Now let $g,h\in G$. For every $x\in G^\circ$,
\begin{align*}
c_{gh}(x)=(gh)x(gh)^{-1}=g(hxh^{-1})g^{-1}=c_g(c_h(x))
\end{align*}
Therefore
\begin{align*}
c_{gh}=c_g\circ c_h
\end{align*}
Passing to cosets in $\operatorname{Out}(G^\circ)$ gives
\begin{align*}
\Theta((gG^\circ)(hG^\circ))=\Theta(gG^\circ)\Theta(hG^\circ)
\end{align*}
So $\Theta$ is a group homomorphism.
[/step]
[step:Interpret the outer action through the root datum in the semisimple case]
Assume now that $G^\circ$ is semisimple. Let $T\le G^\circ$ be a maximal torus, let $\mathfrak g^\circ$ be the [Lie algebra](/page/Lie%20Algebra) of $G^\circ$, and define its complexification by
\begin{align*}
\mathfrak g^\circ_{\mathbb C}:=\mathfrak g^\circ\otimes_{\mathbb R}\mathbb C.
\end{align*}
Define the character lattice by
\begin{align*}
X^*(T):=\operatorname{Hom}_{\mathrm{cts}}(T,S^1)
\end{align*}
and define the cocharacter lattice by
\begin{align*}
X_*(T):=\operatorname{Hom}_{\mathrm{cts}}(S^1,T).
\end{align*}
Let $R\subset X^*(T)$ denote the root system of $\mathfrak g^\circ_{\mathbb C}$ with respect to $T$, and let $R^\vee\subset X_*(T)$ denote the corresponding coroot system. The root datum of $G^\circ$ with respect to $T$ is the quadruple
\begin{align*}
(X^*(T),R,X_*(T),R^\vee).
\end{align*}
By the [[Conjugacy Theorem for Maximal Tori](/theorems/9720)][citetheorem:9720], every automorphism of $G^\circ$ carries $T$ to a maximal torus, and after composing with an inner automorphism of $G^\circ$ its effect may be read on the fixed torus $T$. The induced automorphism of $T$ preserves $X^*(T)$, $X_*(T)$, $R$, and $R^\vee$; equivalently, it preserves the root datum of $G^\circ$.
The precise standard input is the automorphism form of root-datum classification for compact connected semisimple groups. Applied to the compact connected semisimple Lie group $G^\circ$ with maximal torus $T$ and positive root system $R^+$, it gives a natural identification
\begin{align*}
\operatorname{Out}(G^\circ)\cong \operatorname{Aut}(\mathcal R_b(G^\circ,T,R^+)).
\end{align*}
Equivalently, automorphisms preserving $T$ act on the root datum, and two such automorphisms determine the same outer automorphism of $G^\circ$ precisely when their root-datum actions differ by the Weyl-[group action](/page/Group%20Action) of $W(G^\circ,T)$. After choosing a positive root system, each Weyl orbit of chambers has a unique representative preserving the chosen positive chamber, so automorphisms of the root datum modulo the Weyl group are equivalently automorphisms of the corresponding based root datum. The classification statement in [[Classification by Root Data](/theorems/9751)][citetheorem:9751] applies because $G^\circ$ is compact, connected, and semisimple.
[guided]
The point requiring care is the quotient by inner automorphisms. An arbitrary automorphism $\varphi\in\operatorname{Aut}(G^\circ)$ need not preserve the chosen maximal torus $T$. However $\varphi(T)$ is again a maximal torus, and the [Conjugacy Theorem for Maximal Tori][citetheorem:9720] gives an element $a\in G^\circ$ such that
\begin{align*}
a\varphi(T)a^{-1}=T.
\end{align*}
Therefore the automorphism $c_a\circ\varphi$ preserves $T$. Since $c_a$ is inner, $\varphi$ and $c_a\circ\varphi$ define the same element of $\operatorname{Out}(G^\circ)$.

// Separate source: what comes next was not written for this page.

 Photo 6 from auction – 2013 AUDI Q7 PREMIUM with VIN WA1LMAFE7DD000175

Once an automorphism preserves $T$, it acts on continuous characters by precomposition and on cocharacters by composition. These actions preserve the roots and coroots because the differential of a Lie group automorphism carries the root-space decomposition of $\mathfrak g^\circ_{\mathbb C}$ relative to $T$ to the corresponding root-space decomposition relative to $T$. Hence it gives an automorphism of
\begin{align*}
(X^*(T),R,X_*(T),R^\vee).
\end{align*}
What ambiguity remains? Define the normalizer of $T$ in $G^\circ$ by
\begin{align*}
N_{G^\circ}(T):=\{a\in G^\circ:aTa^{-1}=T\}.
\end{align*}
If an inner automorphism also preserves $T$, then it is represented on $T$ by conjugation by an element of $N_{G^\circ}(T)$, and its effect on the root datum is the Weyl-group action of $W(G^\circ,T):=N_{G^\circ}(T)/T$. Thus passing from automorphisms to outer automorphisms is exactly the operation of quotienting root-datum automorphisms by this Weyl ambiguity.

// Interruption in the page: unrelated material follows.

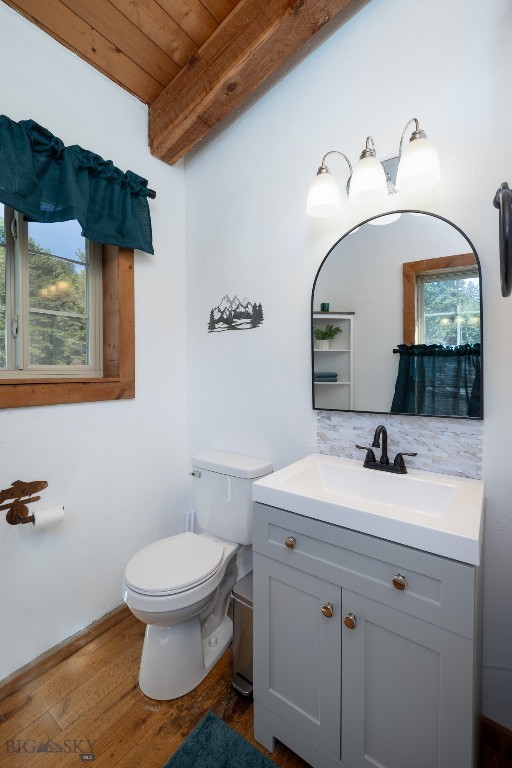 Timberline Creek - Residential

Choosing a positive root system removes the Weyl ambiguity in the standard way: each Weyl orbit of chambers has a unique representative carrying the chosen positive chamber to itself. Thus root-datum automorphisms modulo the Weyl group are the same data as automorphisms of the based root datum. The semisimple root-datum classification in [Classification by Root Data][citetheorem:9751] applies because $G^\circ$ is compact, connected, and semisimple, and it gives the precise identification
\begin{align*}
\operatorname{Out}(G^\circ)\cong \operatorname{Aut}(\mathcal R_b(G^\circ,T,R^+)).
\end{align*}
In this identification, inner automorphisms account exactly for the Weyl-group ambiguity on the unbased root datum, while based root-datum automorphisms supply representatives of the remaining outer automorphism classes.
[/guided]
Therefore the homomorphism $\Theta:\pi_0(G)\to \operatorname{Out}(G^\circ)$ is recorded by a homomorphism from $\pi_0(G)$ to the automorphism group of the based root datum, equivalently to root-datum automorphisms modulo the Weyl group.
In these terms, after choosing positive roots, the based root-datum automorphisms are Dynkin diagram automorphisms subject to preservation of the relevant character and cocharacter lattices. For a non-simply connected or non-adjoint semisimple group, this lattice condition is exactly the central quotient data: only those diagram automorphisms compatible with the chosen finite central quotient descend to automorphisms of $G^\circ$. This proves the asserted semisimple interpretation.
[/step]